By Any Means Necessary


Lenin and Trotsky agreed on a strategy for the socialist revolution in Russia – by any means necessary.  With developed capitalist economies running headstrong into nationalizing key industries starting but not ending with banking under the too big, too connected and too influential to fail principle, one can easily imagine Paulson and Bernanke are the modern day revolutionaries bringing socialist principles to banking under the strategy of by any means necessary.  


However, I am not making a case for a Darwinian outcome nor for a Soviet outcome.  Both are unacceptable and neither Paulson nor Bernanke are closet socialists.  But there actions to date speak of far greater fears over the health of the banking system and economy than I think many give them credit for.  Indeed the actions foretell a by-any-means-necessary response because they perceive the scale of the problem is so enormous that a revolutionary response is needed. 

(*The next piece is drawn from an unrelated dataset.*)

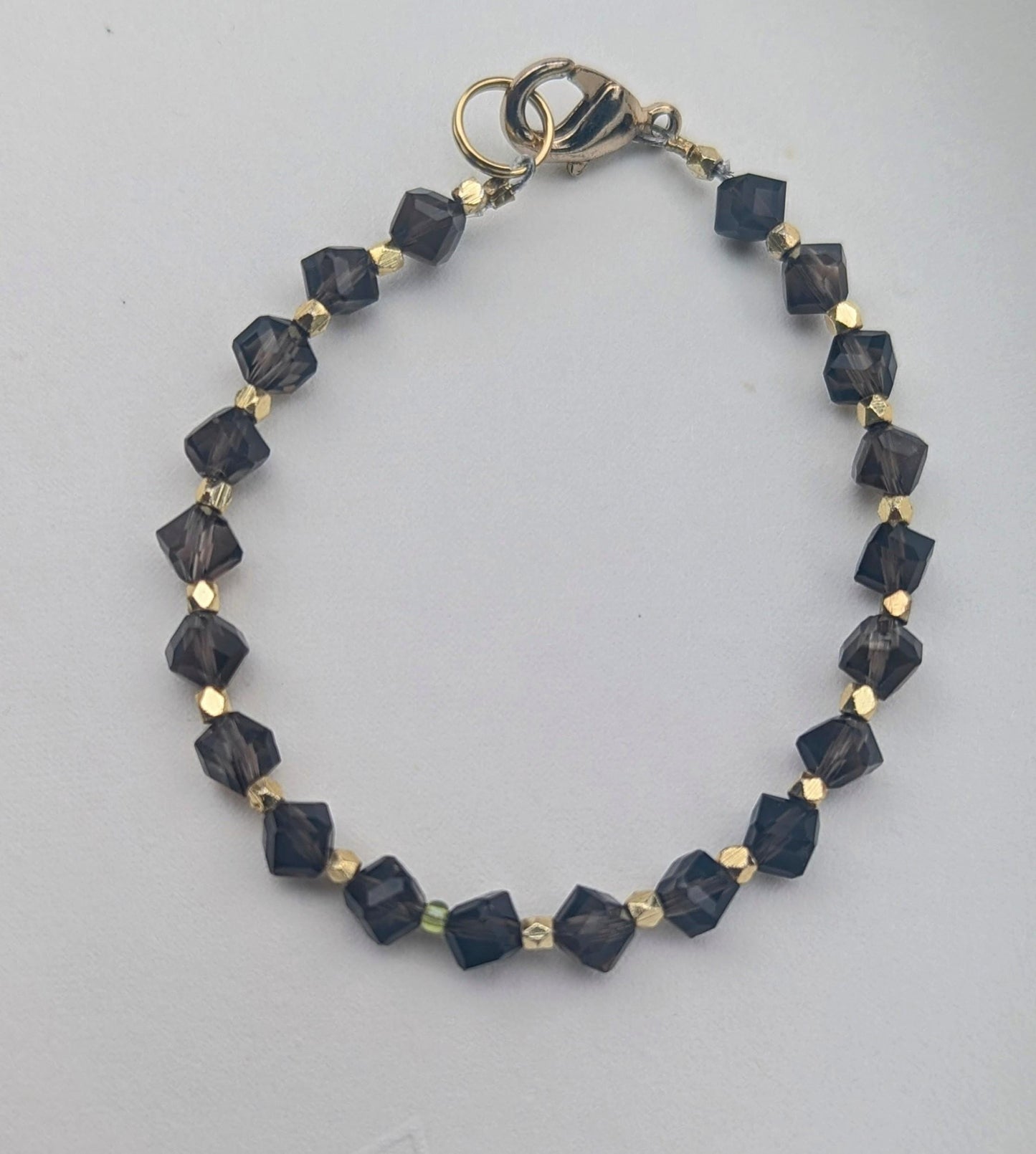 Smoky Topaz bracelet.  The topaz beads are faceted interspersed with faceted gold beads for extra sparkle.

Think for a minute about the ideologues in the White House who operated on the assumption that less government regulation and less government period in markets was best for everyone now leading the largest government intervention into the banking system in the nation’s history.  Things have to be really bad to allow this about face.  This brings me to the Fed Chairman’s appearance this week in Congress where in his prepared remarks he said a second stimulus package, which Democrats to that point had been advocating, would be helpful.  Well I’ll be a monkey’s uncle.  Now the White House is on board.   Is this a dream/nightmare?

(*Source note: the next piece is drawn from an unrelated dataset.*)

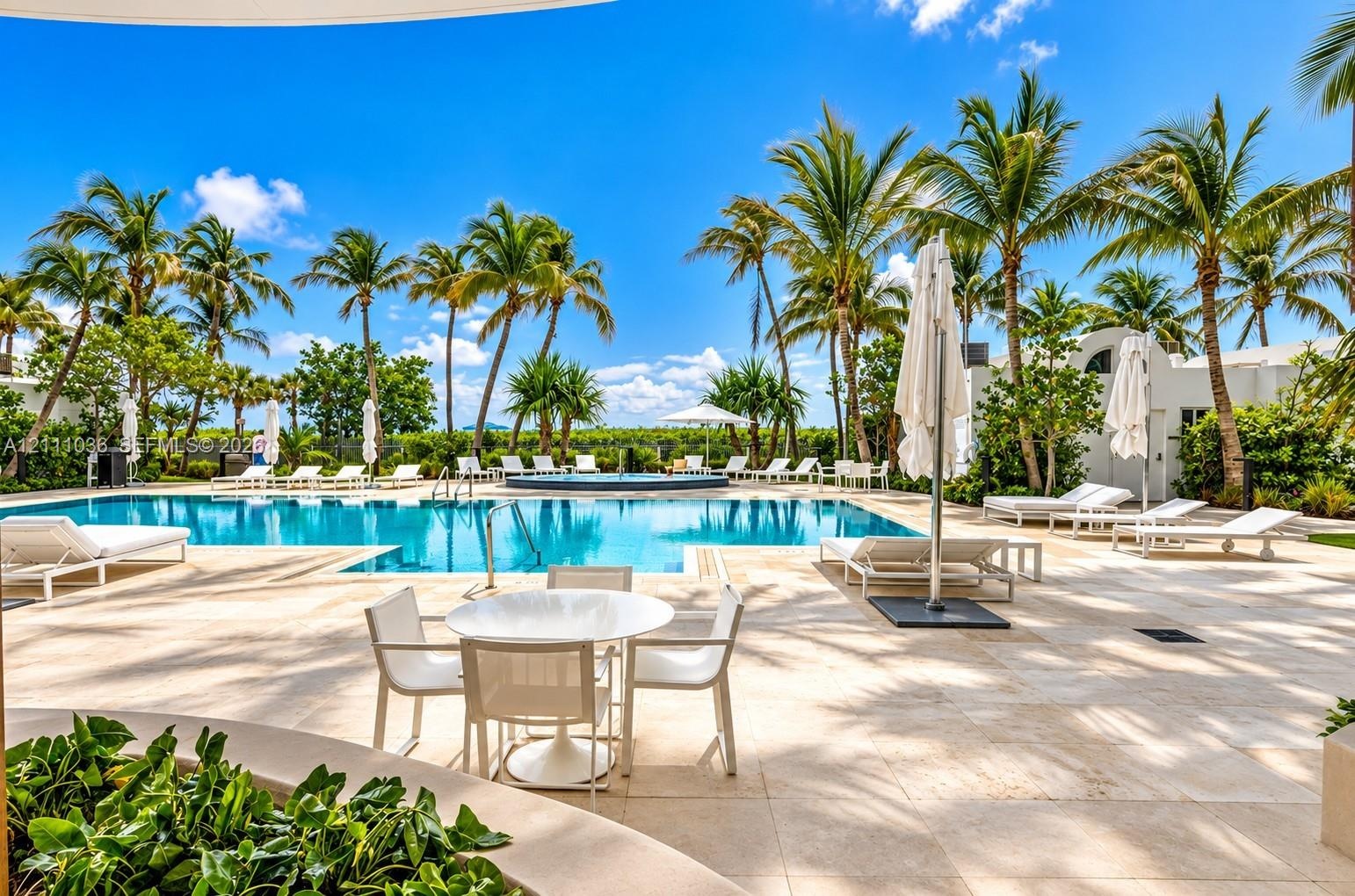 Swimming pool with integrated spa, expansive stone-paved deck, and mature palm trees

My point is underestimating the power of the banking and economic crises and adverse feedback loop has been the main characteristic of markets for much of the last 14 months.  The Fed’s balance sheet has nearly quintupled this year and is approaching $2trln.  The Fed has cut 375bps since last September and will cut more October 29 (if not sooner with other central banks in light of the collapse in equity prices today).  The Treasury has committed $250bln into recapitalizing banks and has another $450bln earmarked for buying distressed ABS.  All arguably needed and yet still not sufficient. 


Why?  Because the problem is not static…it changes and it is compounded by, and compounds, the economic crisis.  Just when you thought things were cooling down wham and there is a run to dollars, bonds and out of stocks and EM...the anti-risk trade.  All this makes me think that there are large segments of capital mkts that are completely illiquid and fund managers are being forced to sell anything that is the least bit liquid to cover margin calls, redemptions, or collateral postings. 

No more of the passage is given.